Changes Cache serialization

xadupre · xadupre · commit 28f35155416b · 2025-10-28T12:00:47.000+01:00
diff --git a/_unittests/ut_torch_export_patches/test_patch_serialization_transformers.py b/_unittests/ut_torch_export_patches/test_patch_serialization_transformers.py
@@ -8,6 +8,7 @@
     make_static_cache,
     make_sliding_window_cache,
     flatten_unflatten_for_dynamic_shapes,
+    make_dynamic_shapes_kv_cache,
     CacheKeyValue,
 )
 from onnx_diagnostic.torch_export_patches.onnx_export_errors import (
@@ -64,8 +65,8 @@ def forward(self, cache):
         model(cache)
         DYN = torch.export.Dim.DYNAMIC
         ds = [
-            [[{0: DYN}, {0: DYN}, {0: DYN}], [{0: DYN}, {0: DYN}, {0: DYN}]],
-            [[{0: DYN}, {0: DYN}, {0: DYN}], [{0: DYN}, {0: DYN}, {0: DYN}]],
+            make_dynamic_shapes_kv_cache(cache1, {0: DYN}),
+            make_dynamic_shapes_kv_cache(cache2, {0: DYN}),
         ]
 
         with torch_export_patches(patch_transformers=True):
@@ -99,9 +100,15 @@ def forward(self, cache):
         model = Model()
         model(cache)
         DYN = torch.export.Dim.DYNAMIC
-        ds = [[{0: DYN}, {0: DYN}, {0: DYN}], [{0: DYN}, {0: DYN}, {0: DYN}]]
+        ds = make_dynamic_shapes_kv_cache(cache, {0: DYN})
+        self.assertEqual(len(ds), 6)
 
-        with torch_export_patches():
+        with torch_export_patches(patch_transformers=True):
+            flat, _spec = torch.utils._pytree.tree_flatten(cache)
+            self.assertEqual(len(flat), len(ds))
+            unflat = torch.utils._pytree.tree_unflatten(flat, _spec)
+            if hasattr(unflat, "layers"):
+                self.assertEqual(len(unflat.layers), 3)

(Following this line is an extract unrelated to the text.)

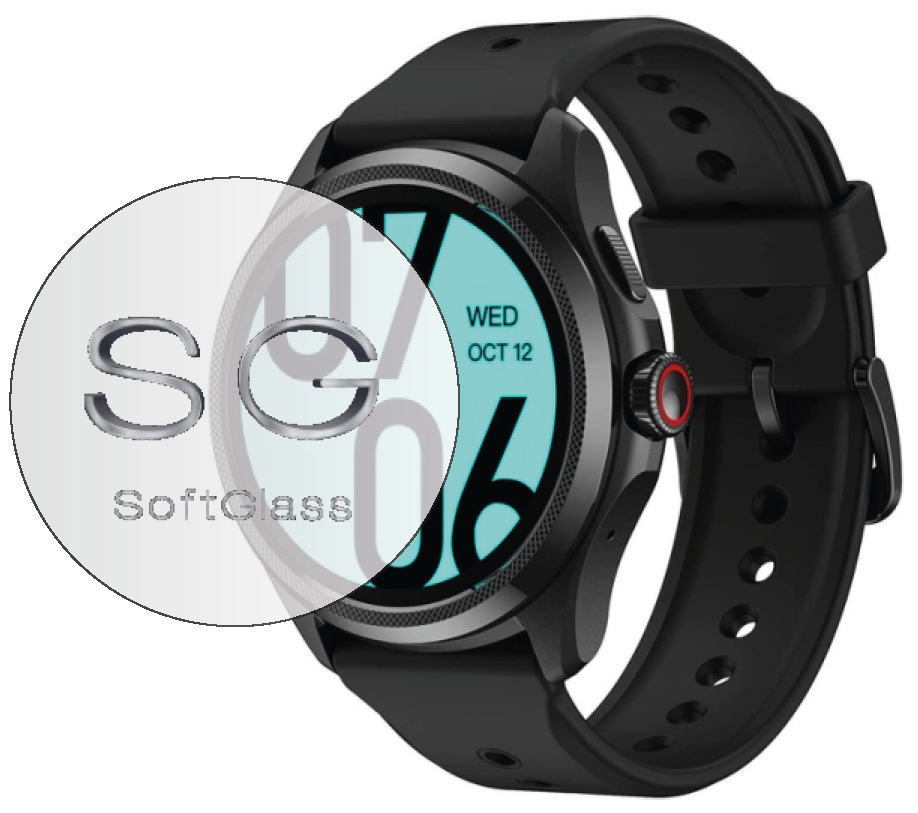 Бронеплівка для Mobvoi TicWatch Pro 5 (2шт на екран) зносостійка поліуретанова SoftGlass - фото 1 - id-p1931347818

             torch.export.export(model, (cache,), dynamic_shapes=(ds,))
 
     @ignore_warnings(UserWarning)
@@ -195,7 +202,7 @@ def forward(self, cache):
         model = Model()
         model(cache)
         DYN = torch.export.Dim.DYNAMIC
-        ds = [[{0: DYN}, {0: DYN}], [{0: DYN}, {0: DYN}]]
+        ds = make_dynamic_shapes_kv_cache(cache, {0: DYN})
 
         with torch_export_patches(patch_transformers=True):
             torch.export.export(model, (cache,), dynamic_shapes=(ds,))

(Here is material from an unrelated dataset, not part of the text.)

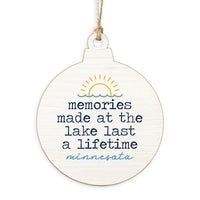 Minnesota Memories At The Lake Ornament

@@ -265,9 +272,7 @@ def test_static_cache(self):
             flat, _spec = torch.utils._pytree.tree_flatten(bo)
             unflat = flatten_unflatten_for_dynamic_shapes(bo, use_dict=True)
             self.assertIsInstance(unflat, list)
-            self.assertEqual(
-                "#2[#3[T1r4,T1r4,T1r4],#3[T1r4,T1r4,T1r4]]", self.string_type(unflat)
-            )
+            self.assertEqual("#6[T1r4,T1r4,T1r4,T1r4,T1r4,T1r4]", self.string_type(unflat))
 
         # export
         class Model(torch.nn.Module):
@@ -278,7 +283,7 @@ def forward(self, cache):
         model = Model()
         model(bo)
         DYN = torch.export.Dim.DYNAMIC
-        ds = [[{0: DYN}, {0: DYN}, {0: DYN}], [{0: DYN}, {0: DYN}, {0: DYN}]]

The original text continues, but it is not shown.